この寺の開祖は浄土宗の開祖である法然上人の弟子、住蓮上人、安楽上人であり、彼らは後鳥羽上皇の女官であった松虫姫と鈴虫姫を剃髪・出家させたために打ち首になったという。ここの見所はお庭である。桜の季節にはとくに何もなかったが、このお庭のツツジとサツキは見事である。というか、私は書院の畳間から見たお庭自体をとても気に入っている。書院の廊下にずっと長時間座って、お庭を眺めるのはとても落ち着く。

お庭を眺めながら、このお庭の地下に、私の秘密研究所を作ることを妄想した。本堂の仏様の裏にある扉を潜って地下に降りると、「京都秘密時間研究所」に向かう地下道に出る。そこにはスーパーコンピュータが轟音を立てて動いているのだ。マッドサイエンティストとしての私の研究テーマは、当然、タイムマシンである。実は、実現可能な構想はすでにあるのだ。後は資金だけである。株での大儲けを待つしかない。タイムマシンが出来ると株で大儲けが出来るのだが、株で大儲けしないとタイムマシンが出来ないのである。

安楽寺のつぎはお隣の霊鑑寺である。臨済宗南禅寺派のお寺で、後水尾天皇が皇女のために開山したという。皇室とのつながりを示す宝物が多く、谷の御所とも言われている。普段は非公開なのであるが、椿の時期(4月2日頃)と紅葉の頃(11月20日頃)に公開される。だから霊鑑寺を拝観できるのは、幸運なのである。私は昨年、椿の時期に行ったときに、たまたま公開されていて入った。実に見事な椿であった。30種類ほどもあり「おそらく椿」という変な名前の椿もあった。私にとって印象的であったのは、メインのコースから外れた裏庭である。そこには見事な桜と菜種が咲いている。これは外の道路から見ることが出来る。花見の季節には、あたりにウグイスも鳴いて、実に風流である。

霊鑑寺から西に行って、丸太町通りから細い路地を通って、私の「黒谷秘密経済物理学研究所」予定地を過ぎ、その北にある黒谷の金戒光明寺につく。ちなみにその研究所のテーマは、株の必勝方程式の開発である。しかし方程式無くして資金は得られず、秘密研究所も出来ないという、鶏が先か卵が先かというディレンマを私は抱えている。

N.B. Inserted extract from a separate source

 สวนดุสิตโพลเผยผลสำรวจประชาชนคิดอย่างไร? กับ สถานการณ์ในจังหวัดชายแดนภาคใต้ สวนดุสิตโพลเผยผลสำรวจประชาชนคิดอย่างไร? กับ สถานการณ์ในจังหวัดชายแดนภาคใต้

金戒光明寺は非公開ではなく、拝観料なしで入れる。法然上人が開いた浄土宗最初の寺院である。ここが有名なのは、幕末に松平容保(かたもり)の率いる会津藩の本陣となったからである。城構になっていて、軍隊の駐屯に適していたので選ばれた。新撰組と黒谷本陣の間には毎日連絡があったという。ここの山門は見事なのだが、観光客がいない。付近は子供たちの遊び場になっている。墓地の間の階段を上り、日本三文殊随一文殊塔という三重の塔に達する。この塔は近くから見るより、南の都ホテルのあたりから見た景色がもっとも京都らしい。あるとき都ホテルで結婚披露宴があった。ボーイ長の指令の下、レストランの窓のカーテンがさっと開けられ、この三重の塔を含む黒谷の景色が眼前に展開して感動的であった。しかし黒谷門前には、世界征服を狙う私の秘密研究所(予定地)があることを誰も知らない。